Gavin Nesham interview

Gavin Nesham interview

Author of Project Tiger – The Birth of Genius and the Price of Greatness.

Cover for PROJECT TIGER

The Nesham Story

Gavin Newsham is a journalist, editor, and author with 30 years’ experience covering golf for publications including GQ, The Guardian, The New York Post, and Golf Digest.

His first book, Letting The Big Dog Eat, a biography of golfer John Daly, earned him the Best New Writer Award at the National Sporting Club Book Awards. He has also written critically-acclaimed works on the Ryder Cup and Ian Poulter.

A regular contributor to Golf Monthly and Golf World, Newsham is also the co-founder of Golf Punk magazine.

Gavin Nesham

The Nesham Journey

When I decide to write a book about one of the most famous sports stars that has ever existed, there were many moments when I wondered whether it was worth it. On one hand, it is extremely useful having such a wealth of readily available resources to call upon, especially when the subject’s life has been so heavily documented but, on the other it can prove difficult when trying to unearth something new or different to the received wisdom.

It’s why I chose to focus on Tiger’s childhood, his college days and his spectacular amateur career.

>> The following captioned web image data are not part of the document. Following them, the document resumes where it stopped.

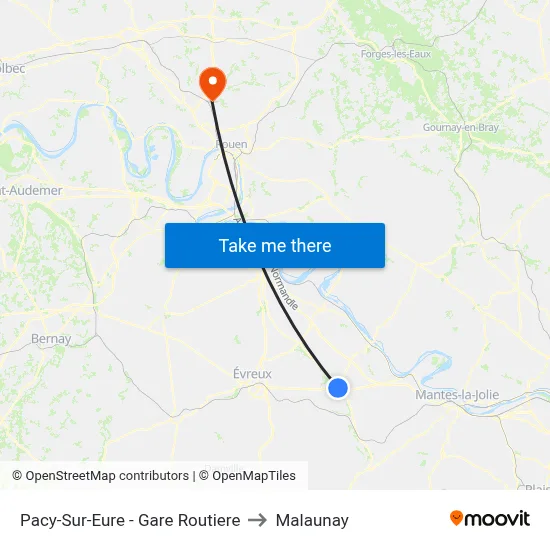 Pacy-Sur-Eure - Gare Routiere to Malaunay map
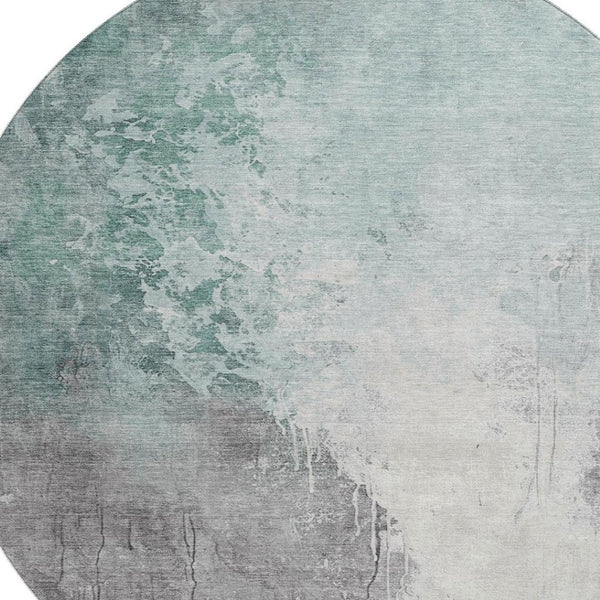 HomeRoots 8' Pale Aqua and Ivory Abstract Round Rug - Washable, UV-Protected, Durable, Ideal for High-Traffic Areas 705482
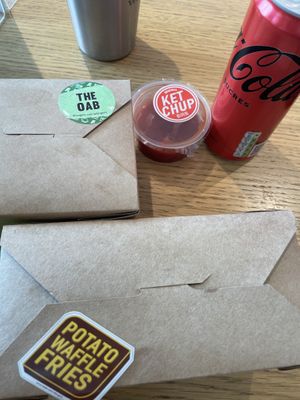 Menu with drink, waffle fries, sauce and burger  at A Burgers - rue Simart in Paris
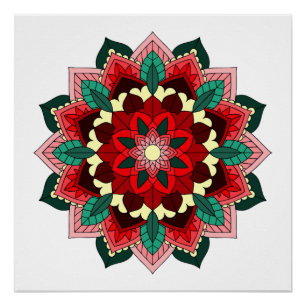 Mandala Pattern 02 in rood Perfect Poster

Yes, they’ve been touched upon in many of the other books about Woods but none have been specifically dedicated to these crucial years. It’s also why the book ends when Tiger turns pro at the Greater Milwaukee Open in August 1996.

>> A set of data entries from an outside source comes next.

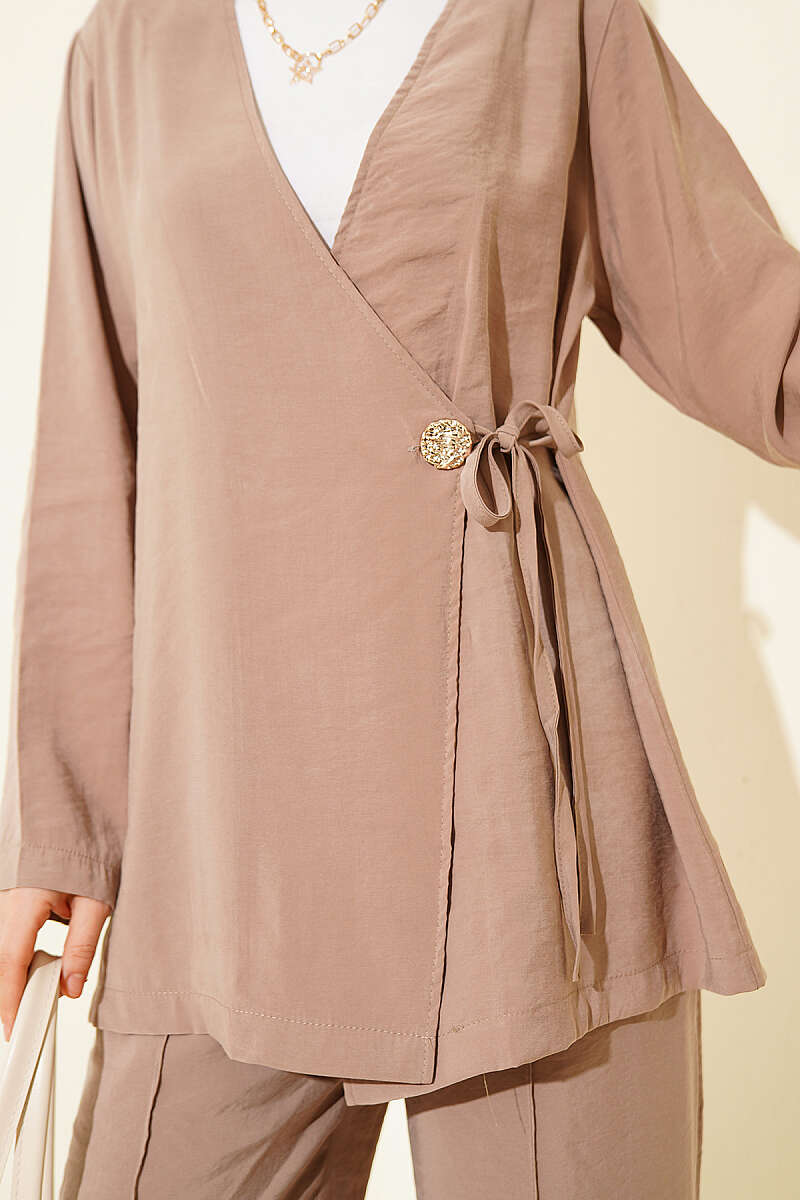 Side-Button Tie Modal Two-Piece Set - Mink
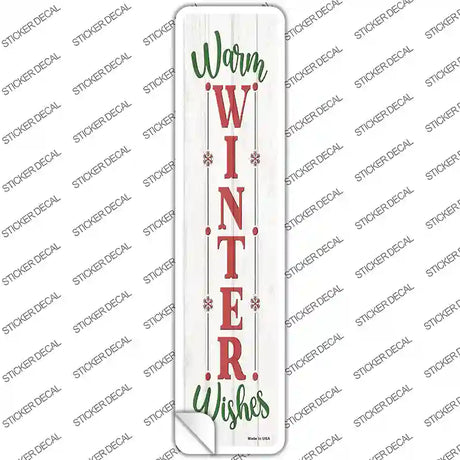 Warm Winter Wishes White Novelty Narrow Sticker Decal Small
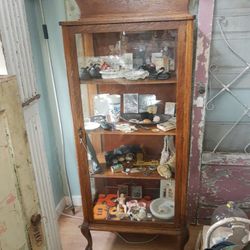 Antique Oak Display Cabinet 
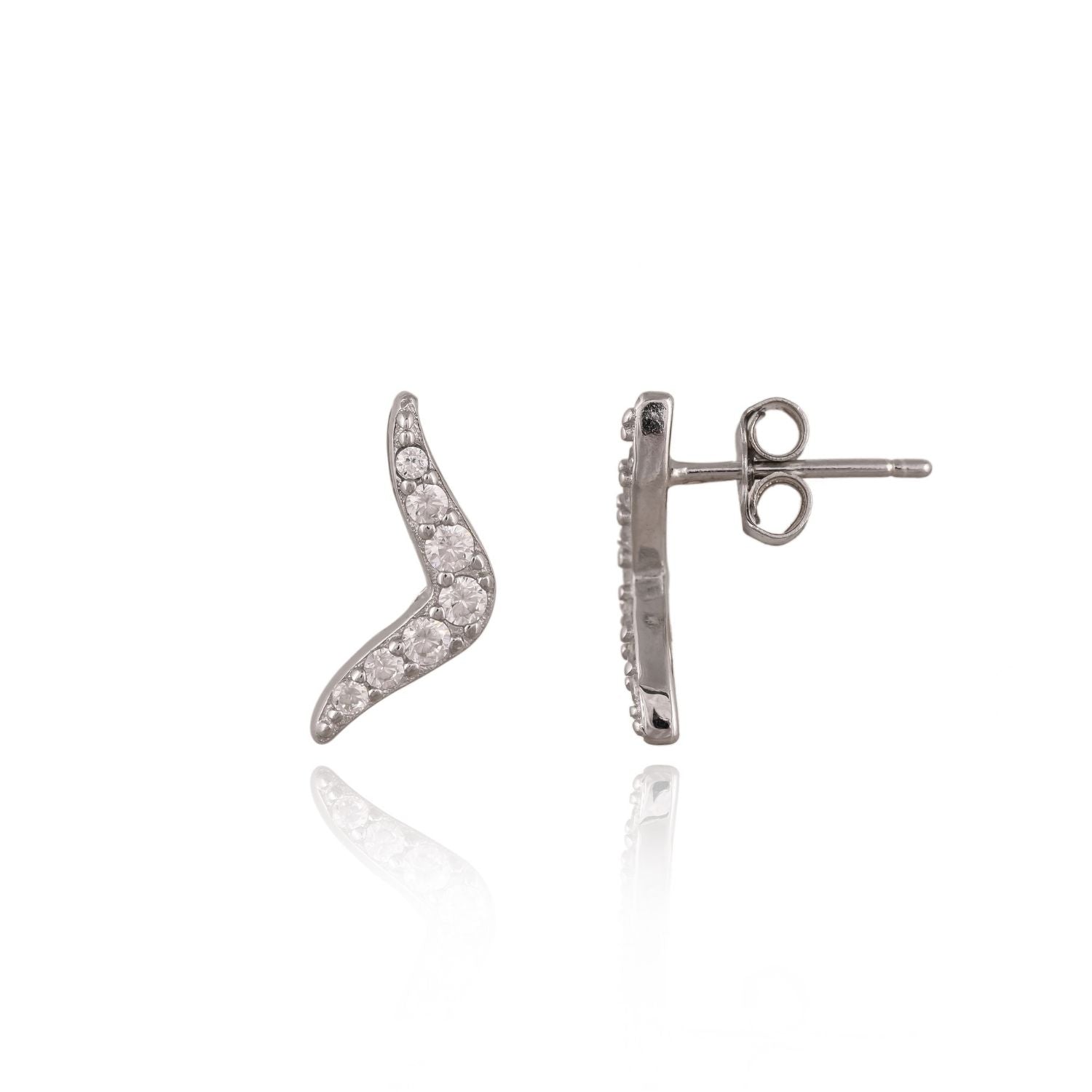 Wave-link crystal necklace and bar-drop earring set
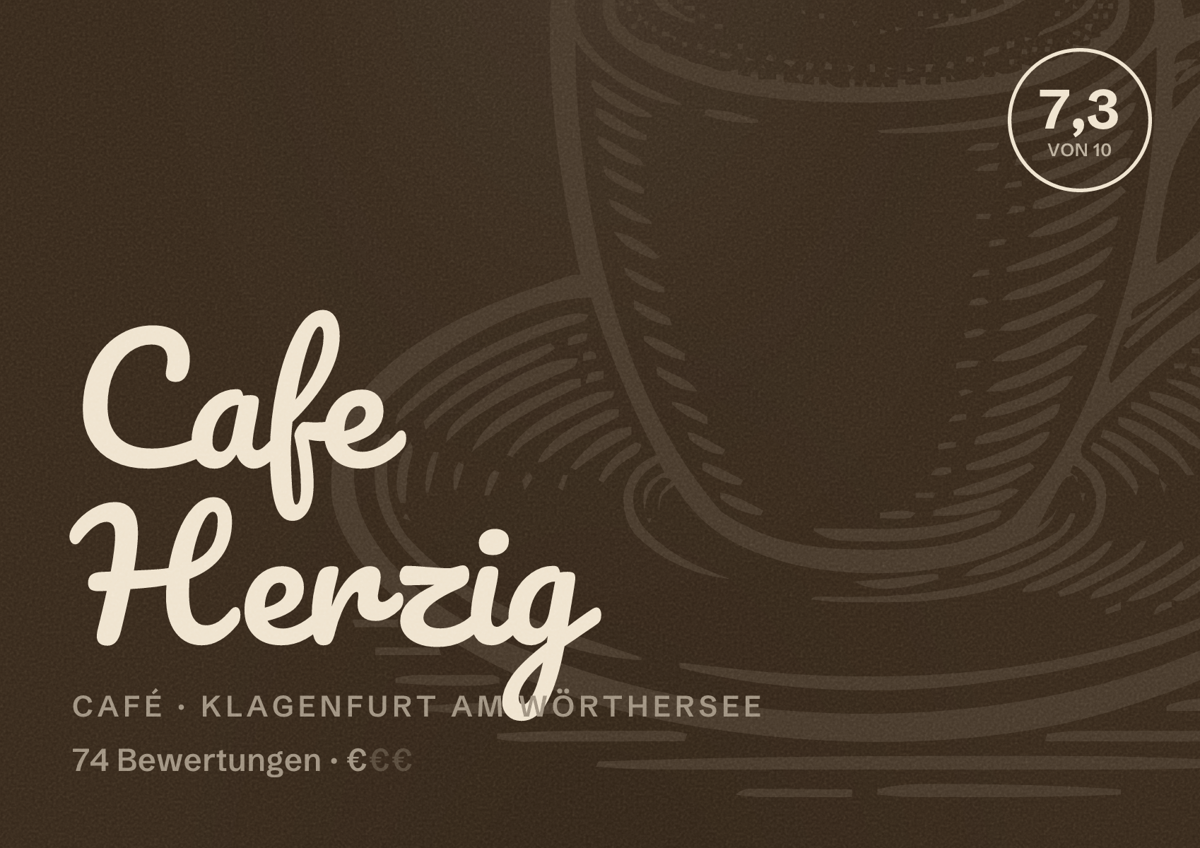 Illustriertes Poster von Cafe Herzig, Café in Klagenfurt am Wörthersee: Bewertung 7,3 von 10 aus 74 Bewertungen, Preisniveau €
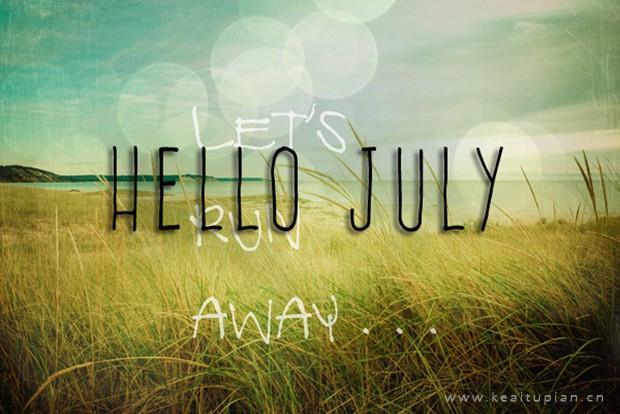 你好七月英文配图唯美意境风景图片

What emerges, I hope, is a picture of a kid whose dysfunctional and stage-managed childhood (if, indeed, he had a childhood) not only shaped the player he became but also the man too. Yes, Tiger’s complex and painful trade-offs in the pursuit of greatness helped him rise to unparalleled achievements on the golf course but away from the sport he loved, did his success somehow dehumanize and immiserate him?

Of course, the genius of Tiger Woods is behind dispute, but this story is to understand the price he paid for it.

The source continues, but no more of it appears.